Then sync, update, remove, and orphan cleanup operate on source ids rather than trying to infer identity from docref or bundle name.

4. The override/fork relationship needs explicit provenance

The state model says tracked override vs pure local is computed by checking whether another bundle contributes the same <type>/<name> (docs/project/specs/active/plan-2026-05-07-docs-config-redesign.md:671). W8 says eject may record the original revision in frontmatter or a sidecar (docs/project/specs/active/plan-2026-05-07-docs-config-redesign.md:926), but this needs to be a first-class part of the workflow design.

Without explicit provenance, these cases get muddy:

  • A pure local doc becomes a supposed override just because a later-added upstream bundle happens to have the same name.
  • Removing an upstream bundle turns an override into pure local and loses the data needed for diff or unfork.
  • Upstream renames or deletes a doc; the local file still exists but the relationship is no longer discoverable by name.
  • source upstream needs to know the exact upstream source/path/revision to patch.

Recommendation: record an override edge, not just infer one. For example, in a sidecar or tbd overlay:

overrides:
  - local_key: proj:guideline/typescript
    upstream_key: coding:guideline/typescript
    upstream_source_id: coding-main
    upstream_docref: github:jlevy/coding-guidelines@main//guidelines/typescript.md
    ejected_revision: <sha>
    ejected_content_hash: sha256:...

The effective DocMap can still compute shadowing by priority, but roundtrip workflows should use explicit override provenance.

5. The Zod schemas are not enforcing the clean-break contract

G11 says the f05 validator rejects unknown fields to prevent zombie schema fields (docs/project/specs/active/plan-2026-05-07-docs-config-redesign.md:131).
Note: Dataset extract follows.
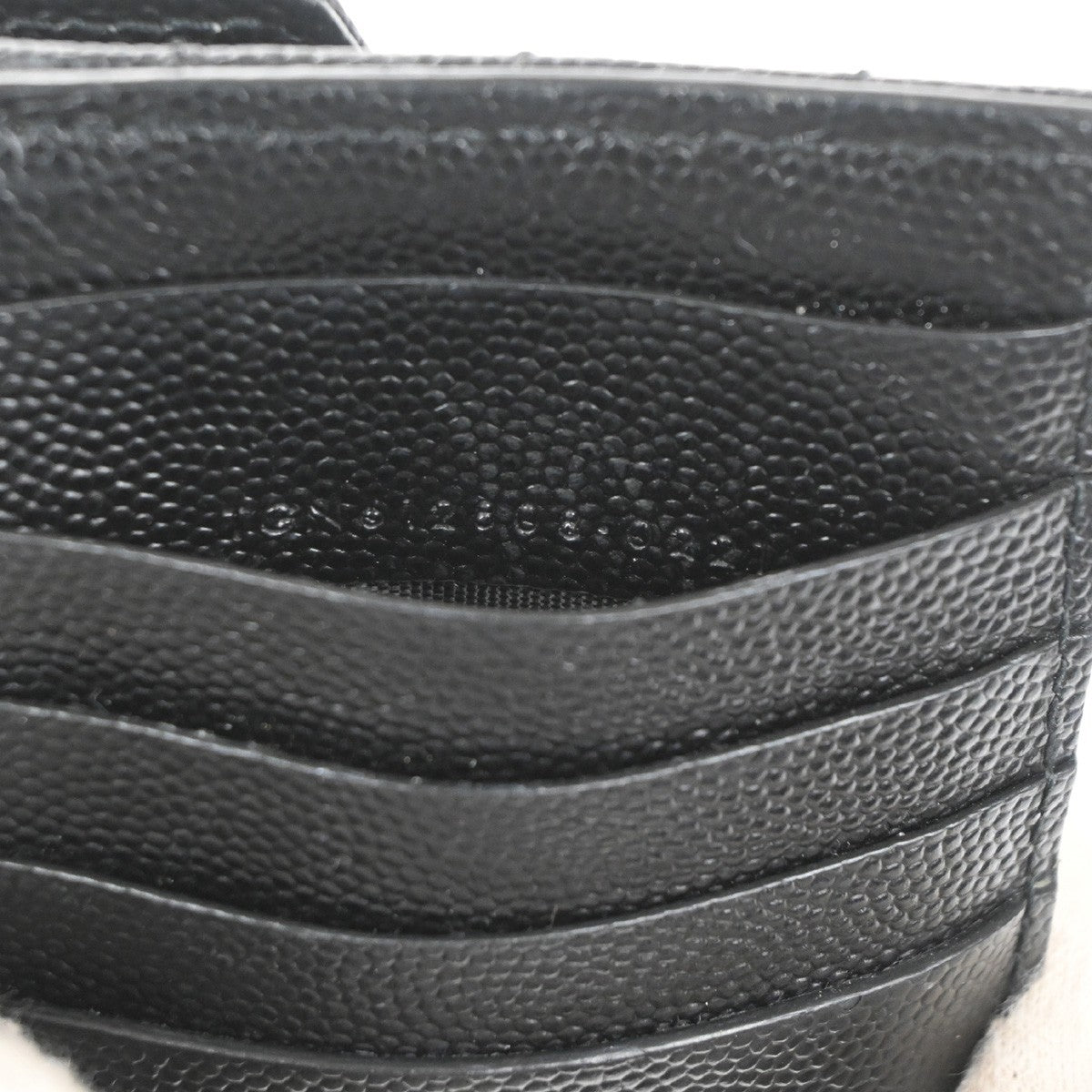 SAINT LAURENT YSL Logo Frap Card Coin Case Quilted Leather Black 612808 87KB982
The new schemas use plain z.object(...), which strips unknown keys by default in Zod (packages/tbd/src/docmap/schemas.ts:63, packages/tbd/src/docmap/schemas.ts:78). That means old fields can silently survive parse/load paths unless every caller has a separate unknown-field detector.

Also missing or under-specified cross-field validation:

  • Remote sources can omit bundle even though the spec says bundle is required for remote sources (packages/tbd/src/docmap/schemas.ts:65).
  • contents[].type and source.type are not checked against declared doc_types.
  • as does not require type, and the spec is unclear whether as means “aggregate source name”, “single-file rename”, or KDEX-style as: repo (packages/tbd/docs/design-docmap-format.md:163).
  • Bundle uniqueness, reserved names, duplicate source ids, and canonical-key collision checks are not represented at the schema/normalization boundary.
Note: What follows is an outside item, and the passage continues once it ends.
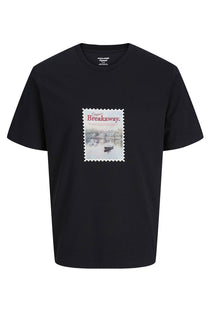 Front image of the Montauk photo ss tee in black, by brand Jack&jones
Use .strict() on the format schemas, then add a normalization/validation pass with superRefine or a separate validateManifest() for cross-object rules. If extension fields are needed for future consumers, make that explicit with an extensions: bag rather than accepting arbitrary top-level keys.

6. as should be made less overloaded before implementation

KDEX used as: repo for whole-repo aggregate treatment. This PR changes as into a string name, while also saying the aggregate key becomes the bundle name (packages/tbd/docs/design-docmap-format.md:163, packages/tbd/docs/design-docmap-format.md:364). That is confusing: if as is not the key, what does the value name?

I would split this into a discriminated mode:

mode: files        # default: index files selected by contents/glob
mode: file         # one source becomes one doc; requires type/name
mode: repo         # one source becomes aggregate repo entry

Or keep KDEX's as: repo and use contents: [{ path: README.md, type: reference, as: writing-overview }] for single-file renames. Either is clearer than as meaning both “aggregate mode” and “rename”.

Workflows

Add source

The proposed preview-first add flow is sensible. I would make the dry-run inventory step the core operation:

  1. Parse and normalize docref.
  2. Choose or create a bundle.
  3. Create a source id.
  4. Dry-run fetch/list enough to show landed docs and conflicts.
  5. Persist manifest only after preview confirmation.
  6. Run sync and build, or print the exact next command if non-interactive mode disables side effects.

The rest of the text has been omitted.